Wie schätzen Sie den vorläufigen Ausgang der Verhandlungen ein? Sind genug sozialdemokratische Themen durchgesetzt worden?
Klein: Zunächst einmal finde ich es sehr schade, dass mal wieder die Diskussion um Personen anstatt Inhalte in den Vordergrund gerückt ist. Aber auch drei Schlüsselministerien werden leider nicht darüber hinwegtäuschen können, dass wir bei vielen Themen gescheitert sind. Ein höherer Spitzensteuersatz, die Abschaffung von sachgrundloser Befristung oder eine wirkliche Wende in der Rentenpolitik, für die wir alle so hart gekämpft haben, fehlen zum Beispiel komplett. Auch beim Thema Familiennachzug wurde eher ein fauler Kompromiss Ich persönlich sehe einfach keine großen gesellschaftspolitischen Visionen in diesem Papier, die gerade in der heutigen Zeit so wichtig wären.

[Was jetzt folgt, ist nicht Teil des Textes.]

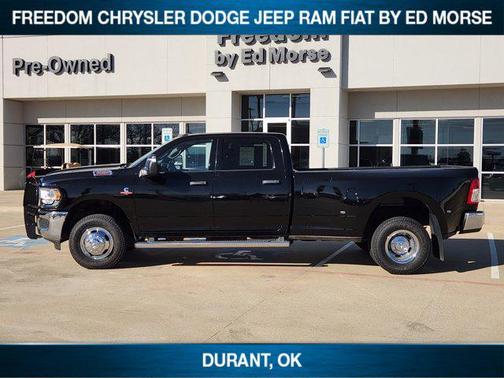 2024 RAM 3500 Tradesman Crew Cab 4x4 8' Box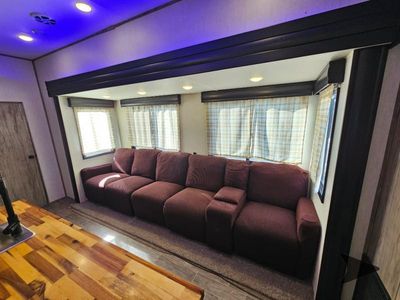 2021 Forest River RV Cherokee Arctic Wolf Suite - Photo 33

Als letzte Hürde gilt nun das Mitglieder-Votum. Wie lautet ihre Prognose?
Klein: Ich glaube, dass es verdammt knapp werden wird. Aber die rund 25 000 neuen Genossinnen und Genossen, die seit Januar in die Partei eingetreten sind, geben mir für das anstehende Votum ein ganz gutes Gefühl.
Werden sich die Jusos auch dieses Mal gegen eine Groko entscheiden?
Klein: Ja - und ich glaube, dass ich in diesem Zusammenhang auch für die Mehrheit der Jusos in Wuppertal sprechen kann.
Was sagen Sie zu den Ambitionen von Martin Schulz, einen Ministerposten anzustreben, obwohl er zuvor ausgeschlossen hat, in einer Koalition mit der CDU/CSU regieren zu wollen?
Klein: Ich glaube, dass die SPD ein Glaubwürdigkeitsproblem hat. Wenn Martin Schulz im Wahlkampf sagt, dass er für keinen Ministerposten unter Kanzlerin Merkel zur Verfügung stehen würde, dann muss man ihn da auch beim Wort nehmen können. Alles andere wäre falsch.